Any opinions/suggestions?


----------



## foamheart (Jul 12, 2014)

Seriously no idea. If they were mine and I was running into a time problem (we all know what happens when ya cook on the clock), I'd go ahead and foil 'em. Course it might ruin your pork, I just can't say.

Sorry, I just try hard to never have to look at a clock when smoking and it saves me untold frustrations.


----------



## mikeworthington (Jul 12, 2014)

It's probably too late to help you with this cook now but if it happens again, IF you have the color you want, go ahead and foil, jack the pit up to 275-300 and keep a close eye on them. Once it breaks through the stall, it won't take long to hit 195-200.

Michael


----------



## slidedude (Jul 13, 2014)

I know...you are so right. I just didn't want to end up with them all dried out. I unplugged my clock on the back porch and pit my watch away....:-)

I foiled em and I'll deal with what happens.
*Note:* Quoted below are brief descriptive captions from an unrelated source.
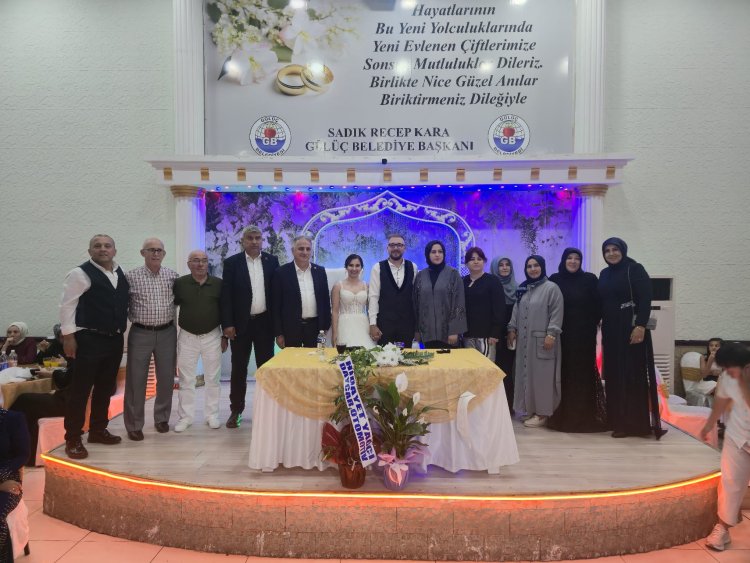 GENÇ ÇİFTİMİZE BİR ÖMÜR BOYU MUTLULUKLAR DİLERİZ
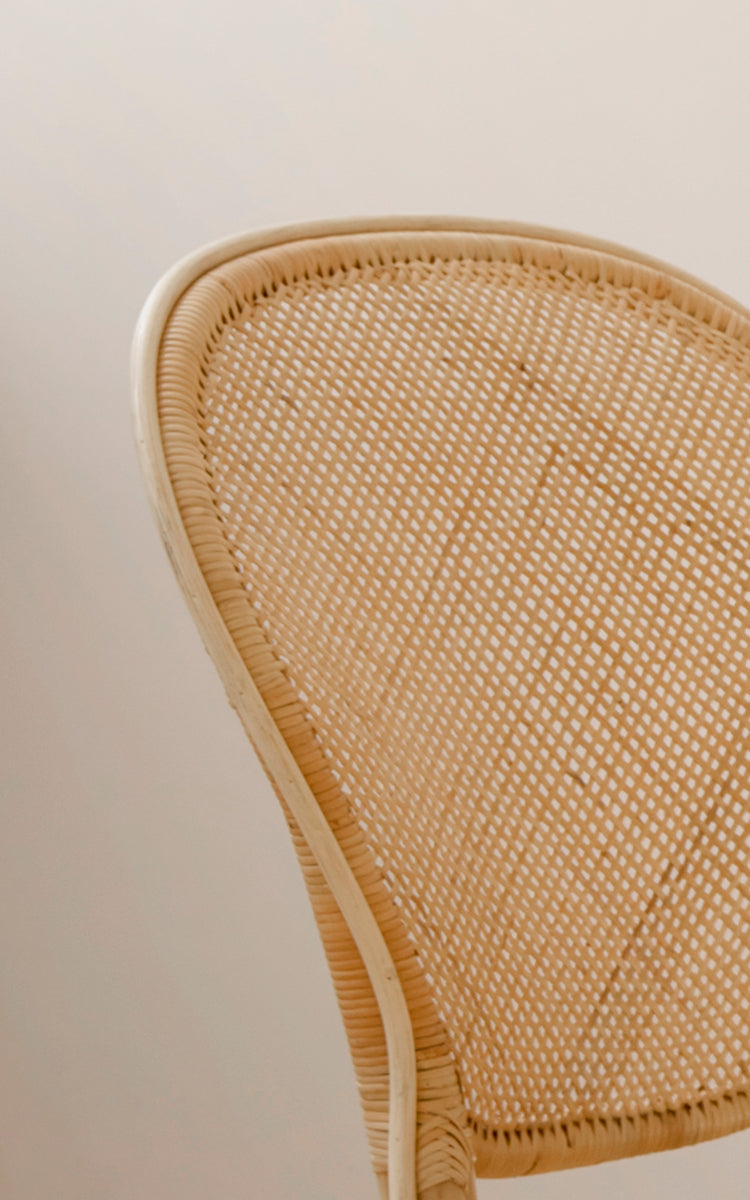 Dette er et nærbillede af Rossini Spisebordsstol i natural rattan. Detaljeret visning af den lyse rattanflet-ryg.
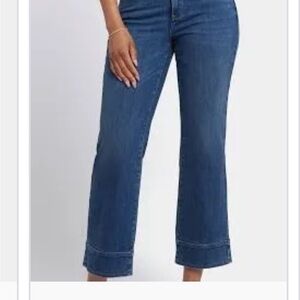 NYDJ Bailey Relaxed jeans. Size 12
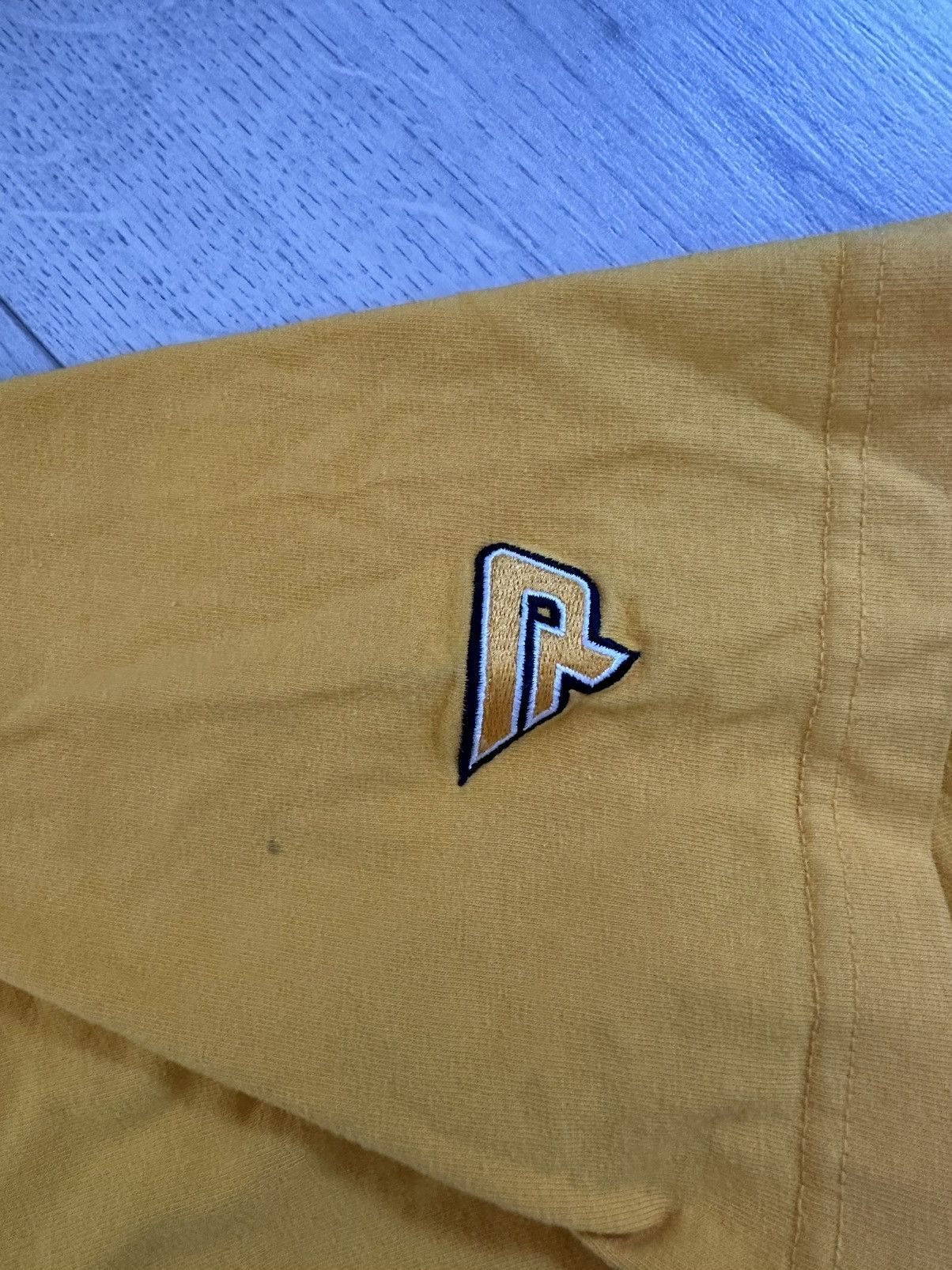 Vintage Vintage Y2K Pure Playaz Baggy Hip Hop Yellow Tee Size US XL / EU 56 / 4 - 4 Thumbnail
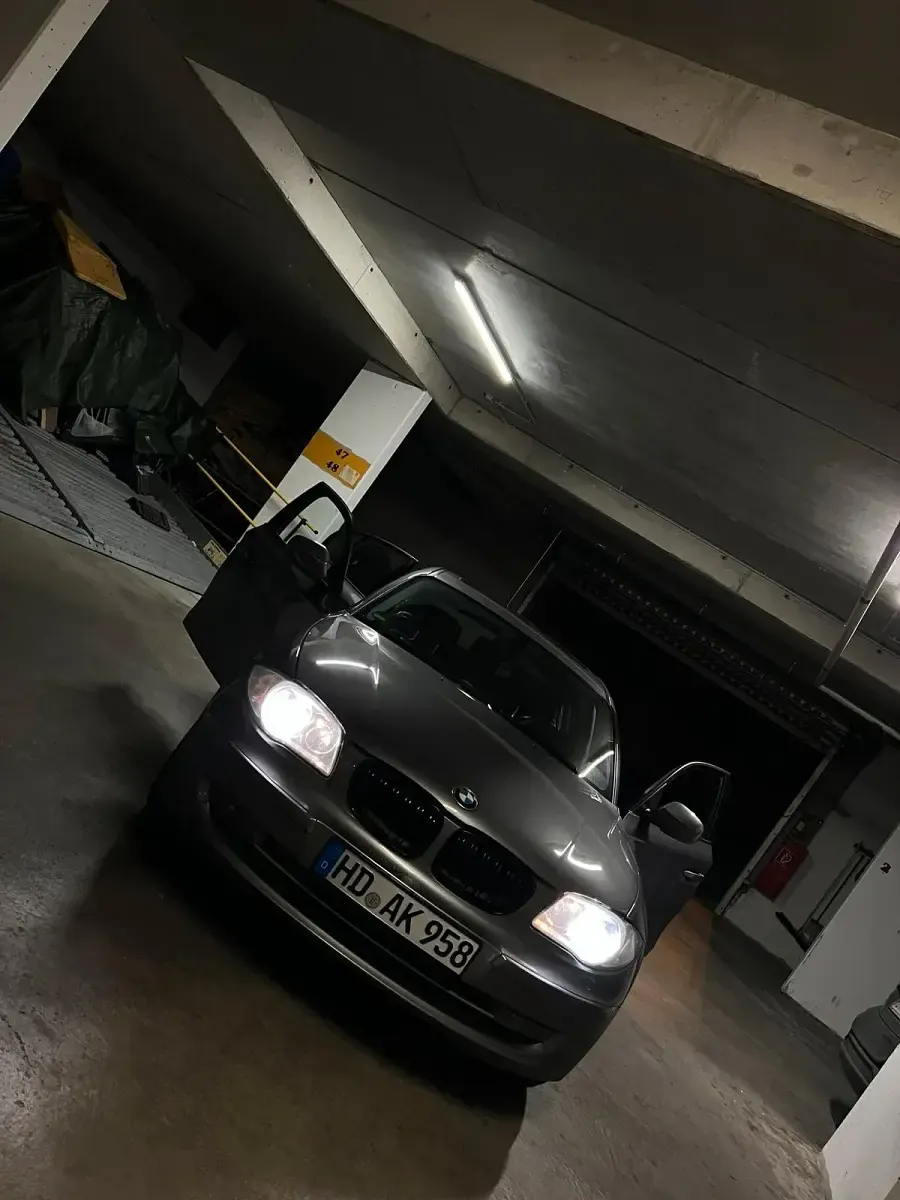 Gebraucht BMW 118 143 PS (105 kW) 2010 Grau Kleinwagen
Thanks for the reply!


----------



## slidedude (Jul 13, 2014)

mikeworthington said:


> It's probably too late to help you with this cook now but if it happens again, IF you have the color you want, go ahead and foil, jack the pit up to 275-300 and keep a close eye on them. Once it breaks through the stall, it won't take long to hit 195-200.
> 
> Michael



Thanks Michael - I did have the color I wanted, so I foiled them and put them in a 250 degree oven in the house...they came out a wee bit tough, but the meat pulled right off the bone easily and they were pretty darn tasty. I just didn't have a stall the first  time I did these, so I was surprised it was happening. Thanks for your reply!


----------



## mikeworthington (Jul 14, 2014)

According to folks who have spent a lot more time than I have studying the science of BBQ, the stall happens when your meat is losing moisture and therefore cooling at a rate equal to or faster than the pit can heat it up. That's a simplified explanation but it's essentially what's happening...just like when you boil water on the stove. The water evaporating takes the heat away from the pan and keeps it from burning up. Sooo, the options are wait it out, jack up the pit temperature, or foil. I choose to foil myself.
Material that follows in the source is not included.